Lukas 13:31-35
Pada waktu itu datanglah beberapa orang Farisi dan berkata kepada Yesus: “Pergilah, tinggalkanlah tempat ini, karena Herodes hendak membunuh Engkau.” Jawab Yesus kepada mereka: “Pergilah dan katakanlah kepada si serigala itu: Aku mengusir setan dan menyembuhkan orang, pada hari ini dan besok, dan pada hari yang ketiga Aku akan selesai. Tetapi hari ini dan besok dan lusa Aku harus meneruskan perjalanan-Ku, sebab tidaklah semestinya seorang nabi dibunuh kalau tidak di Yerusalem. Yerusalem, Yerusalem, engkau yang membunuh nabi-nabi dan melempari dengan batu orang-orang yang diutus kepadamu! Berkali-kali Aku rindu mengumpulkan anak-anakmu, sama seperti induk ayam mengumpulkan anak-anaknya di bawah sayapnya, tetapi kamu tidak mau. Sesungguhnya rumahmu ini akan ditinggalkan dan menjadi sunyi. Tetapi Aku berkata kepadamu: Kamu tidak akan melihat Aku lagi hingga pada saat kamu berkata: Diberkatilah Dia yang datang dalam nama Tuhan!”
***
Zaman ini ditandai dengan apa yang disebut post-truth. Istilah ini merujuk pada apa yang terjadi dalam satu dekade terakhir, di mana fakta-fakta objektif memiliki pengaruh yang lebih kecil dalam membentuk opini publik dibandingkan dengan emosi dan keayakinan pribadi. Saya pribadi mengakui bahwa terkadang amat sulit untuk membedakan antara berita yang benar dan berita bohong, sebab dengan perkembangan AI sekarang, orang dengan mudah bisa membuat narasi yang mengada-ada, juga gambar dan video yang amat sempurna.

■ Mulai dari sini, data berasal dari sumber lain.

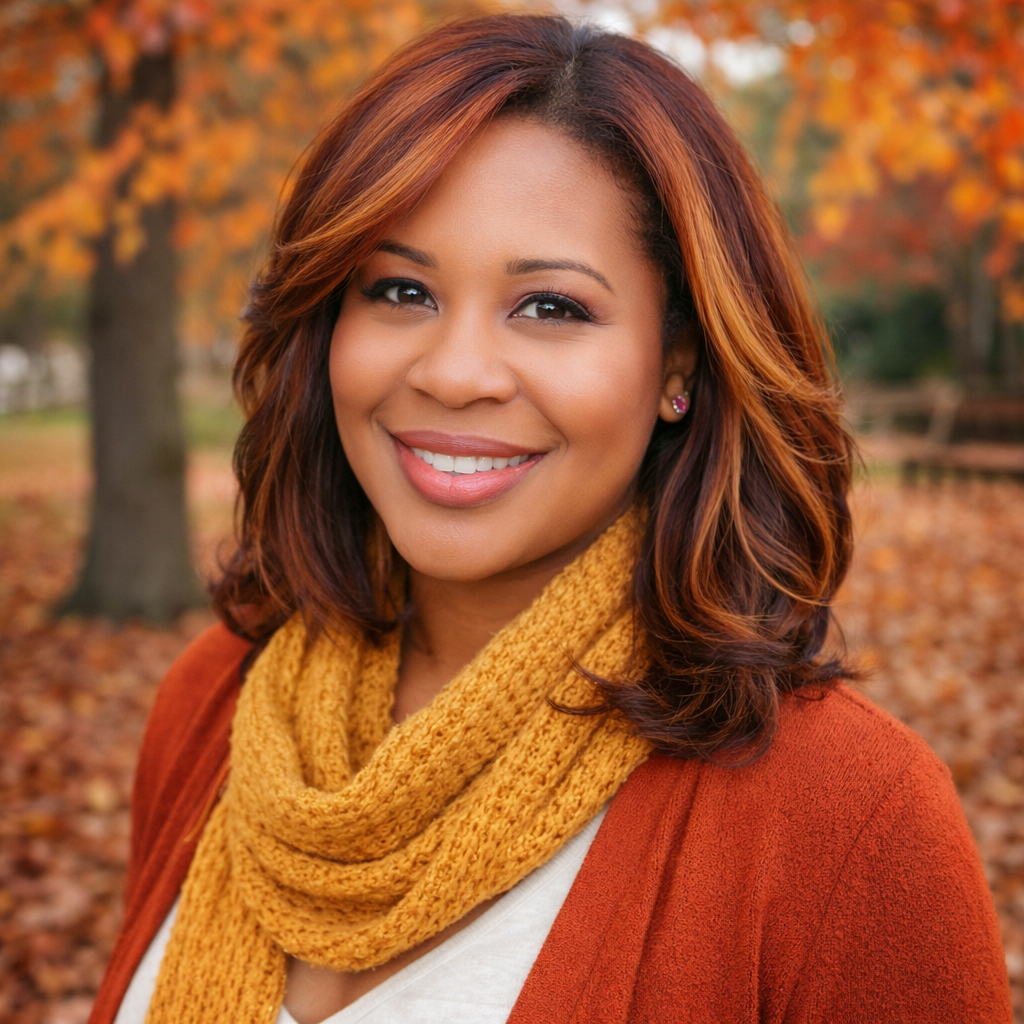 Alicia Moszee in a mustard scarf and orange sweater outdoors with autumn leaves in the background. ai generated image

Sama seperti pisau, semuanya itu sebenaranya adalah sarana. Menjadi baik atau buruk tergantung pada siapa yang memegangnya. Namun, kita mendapati bahwa pada zaman ini, tidak sedikit orang yang menggunakan kemajuan teknologi digital untuk mengekspresikan insting primitif mereka. Mereka memelihara insting primitif untuk membunuh orang lain yang dianggap pesaing atau musuh.

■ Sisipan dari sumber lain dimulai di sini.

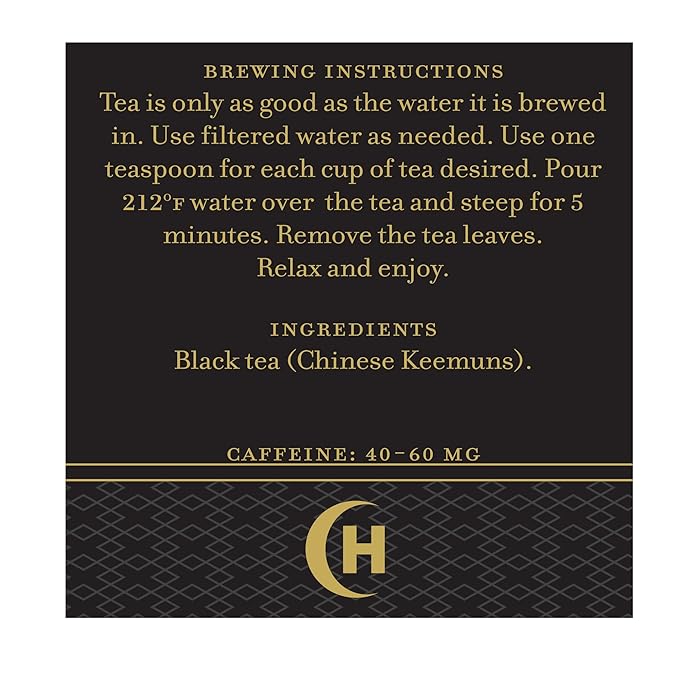 Harney & Sons English Breakfast Black Tea – 4oz Loose Leaf Tin, Pure China Keemun, Bold, Full-Bodied Flavor, Great for Hot, Iced, or Teapot Brewing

Insting primitif berkembang pada masa lalu ketika taraf peradaban manusia berada pada zaman berburu. Pada masa kini, semestinya setiap orang mengembangkan dimensi nalar dan nurani untuk memajukan peradaban. Namun, dalam kenyataan, tidak sedikit orang dengan kesadaran penuh membunuh lawan politiknya dengan menebarkan ujaran kebencian, juga dengan mengemas berita bohong atau fitnah. Dalam paham post-truth, kebohongan yang diulang-ulang akan menjadi sebuah kebenaran yang diyakini publik. Pembunuhan karakter menjadi cara kerja orang-orang jahat zaman sekarang untuk menyingkirkan lawan. Hal ini semacam ini hanya merupakan bentuk lain dari kebiasaan saling bunuh pada masa lalu.

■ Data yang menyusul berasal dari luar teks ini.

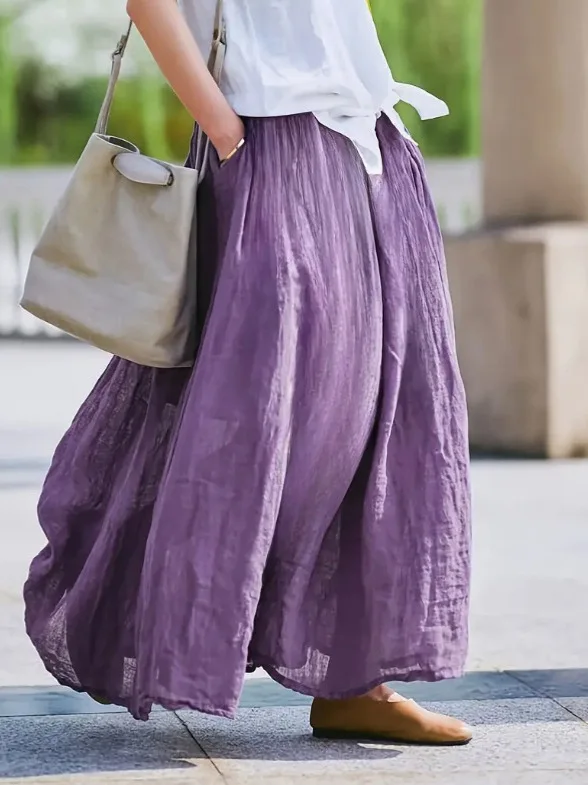 Women Casual Linen Maxi Skirt Elastic High Waist Big Swing Skirt with Pockets Bohemian Long Skirt for Summer Daily Use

Melalui bacaan Injil hari ini, kita mengetahui bahwa segala intrik dan rancangan pembunuhan terhadap Yesus datang dari Yerusalem, yang sering disebut sebagai Kota Suci. Yerusalem adalah tempat Bait Suci berada, di mana orang-orang datang dari segala penjuru untuk memuji dan memuliakan Allah. Sangat disayangkan bahwa Kota Suci ternyata malah dipenuhi oleh kejahatan dan rencana-rencana kotor. Menanggapi hal itu, Allah berkehendak untuk memutuskan mata rantai kejahatan tersebut dengan laku kasih. Laku kasih diwujudkan secara nyata oleh Allah dengan mengutus Anak-Nya yang terkasih untuk menjadi tebusan bagi manusia.
Hoaks, fitnah, dan ujaran kebencian yang sering kali berseliweran di dunia kita hanya bisa dihadapi dengan cara Tuhan bertindak, yakni aksi kasih yang nyata. Sama seperti Yesus yang tetap teguh melangkah tanpa terpengaruh oleh ancaman pembunuhan, kita pun ditantang untuk tetap melangkah dengan segala aksi nyata penuh kasih yang bisa kita lakukan.